The Yahoo data breach is still the largest breach on record, affecting 3 billion accounts and 200 million people worldwide. The breach exposed the names, email addresses, physical addresses, birthdates and phone numbers of Yahoo users across the globe.

Yahoo is now part of Verizon and is overseen by the telecom's subsidiary Oath. When the Yahoo data breach was revealed during the acquisition process, the buying price was decreased by $350 million. Verizon, as the parent company, will pay for half of the Yahoo settlement, and the other half will be paid by Altaba Inc., the holding company that was set up to hold Yahoo's Asian assets and investments.

In April, Altaba paid the $35 million fine that the Securities and Exchange Commission imposed on Yahoo for not notifying the public about the breach in a timely manner.

The $50 million Yahoo agreed to pay on Monday will fund compensation efforts for small businesses and individuals that incurred costs as a result of the Yahoo data breach, such as identity theft. It will compensate account holders affected by the breach with $25 per hour for the time spent dealing with the breach. Users who paid for a premium Yahoo account will be eligible for a 25% refund.

Yahoo will also cover the costs of free credit monitoring services from the company AllClear ID for two years.

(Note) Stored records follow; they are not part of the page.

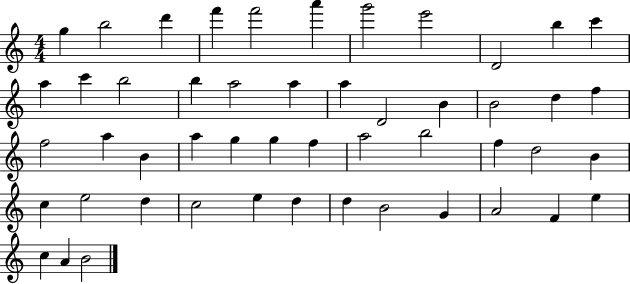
{
  \clef treble
  \numericTimeSignature
  \time 4/4
  \key c \major
  g''4 b''2 d'''4 | f'''4 f'''2 a'''4 | g'''2 e'''2 | d'2 b''4 c'''4 | \break a''4 c'''4 b''2 | b''4 a''2 a''4 | a''4 d'2 b'4 | b'2 d''4 f''4 | \break f''2 a''4 b'4 | a''4 g''4 g''4 f''4 | a''2 b''2 | f''4 d''2 b'4 | \break c''4 e''2 d''4 | c''2 e''4 d''4 | d''4 b'2 g'4 | a'2 f'4 e''4 | \break c''4 a'4 b'2 | \bar "|."
}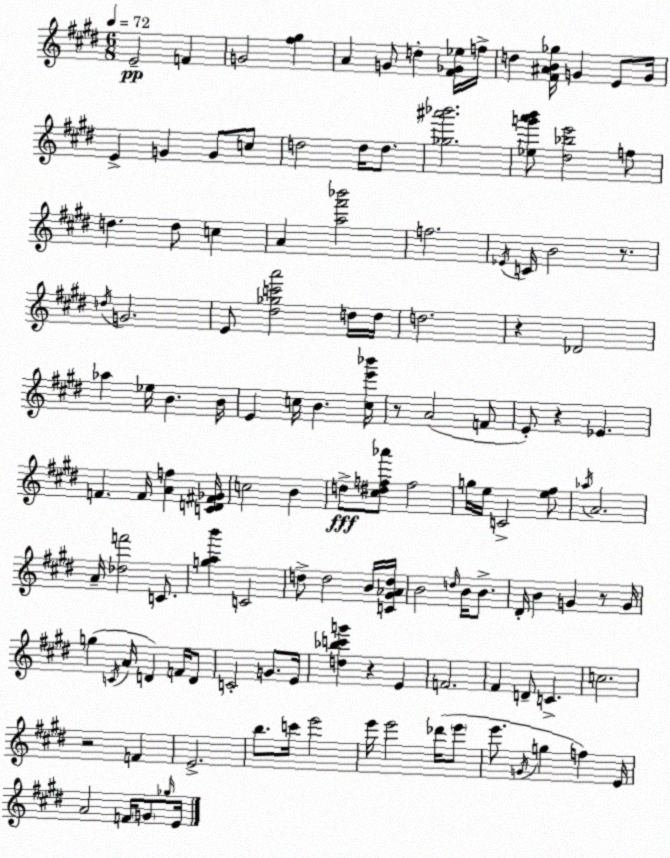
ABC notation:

X:1
T:Untitled
M:6/8
L:1/4
K:E
E2 F G2 [^f^g] A G/2 d [^F_G_e]/4 f/4 d [^F^AB_g]/4 G E/2 G/4 E G G/2 c/2 d2 d/4 d/2 [_g^a'_b']2 [_eg'a'b']/2 [^d_be']2 f/2 d d/2 c A [a^f'_b']2 f2 _E/4 C/4 B2 z/2 d/4 G2 E/2 [^d_gc'a']2 d/4 d/4 d2 z _D2 _a _e/4 B B/4 E c/4 B [ce'_b']/4 z/2 A2 F/2 E/2 z _E F F/4 [Af] [CD^F_G]/4 c2 B d/2 [^c^df_a']/2 f2 g/4 e/4 C2 [e^f]/2 _a/4 A2 A/4 [_df']2 C/2 [gab'] C2 d/2 d2 B/4 [C^G_Ad]/4 B2 d/4 B/4 B/2 ^D/4 B G z/2 G/4 g C/4 A/4 D F/4 D/2 C2 G/2 E/4 [d_bc'g'] z E F2 ^F D/2 C c2 z2 F E2 b/2 c'/4 e'2 e'/4 e'2 _d'/4 e'/2 e'/2 G/4 g f E/4 A2 F/4 G/2 _g/4 E/4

A federal judge still needs to approve the settlement agreement, and a hearing is set with U.S. District Judge Lucy Koh on Nov. 29 in San Jose, Calif.

In other news:

  • Security company Check Point Software is buying cloud security startup Dome9. The acquisition will help Check Point bolster its cloud security offerings, as Dome9 enables the adoption of public cloud services on multi-cloud environments. Dome9 helps secure applications running in cloud environments, including AWS, Microsoft Azure and Google Cloud Platform. "This acquisition strengthens Check Point's position as a global leader in cloud security, enhances Check Point's Infinity architecture, and the products join the Check Point CloudGuard family of Cloud Security products," the company wrote in the acquisition announcement. Dome9 has cloud security management, multi-cloud protection, remediation, identity and access management, network visualization, compliance, and enterprise governance capabilities in its arsenal.
  • The U.K.'s Information Commissioner's Office (ICO) is fining Facebook 500,000 euros -- approximately $644,000 -- for failing to protect user's personal data during the Cambridge Analytica scandal. The fine is the maximum possible fine in the U.K. and was calculated using the 1998 Data Protection Act. The trouble Facebook ran into with Cambridge Analytica earlier in 2018 was an exposure of up to 87 million users whose personal information was harvested by the now-shutdown firm for use by political campaigns leading up to the 2016 U.S. presidential election and U.K. referendum on Brexit. The ICO has been investigating Cambridge Analytica since the scandal broke. And while the fine is the maximum possible under the 1998 Data Protection Act, it could have been significantly higher -- closer to $22 million -- under GDPR.
  • Ron Wyden (D-Ore.) has urged the U.S. Department of Homeland Security to adopt new encryption technologies to stop foreign hackers from having too much insight into the internet activity of Americans. In a letter to DHS Under Secretary for National Protection and Programs Christopher Krebs, Wyden urged DHS to "protect web browsing information about Americans, including U.S. government employees. Metadata revealing specific website visits is currently transmitted over the internet without encryption, leaving it vulnerable to interception and tampering by foreign hackers and cyber criminals." Wyden asked that companies with federal contracts be required to use DNS over HTTPS or DNS over TLS to encrypt the metadata, as well as use Encrypted Server Name Indication. Wyden gave DHS 60 days to respond to his requests.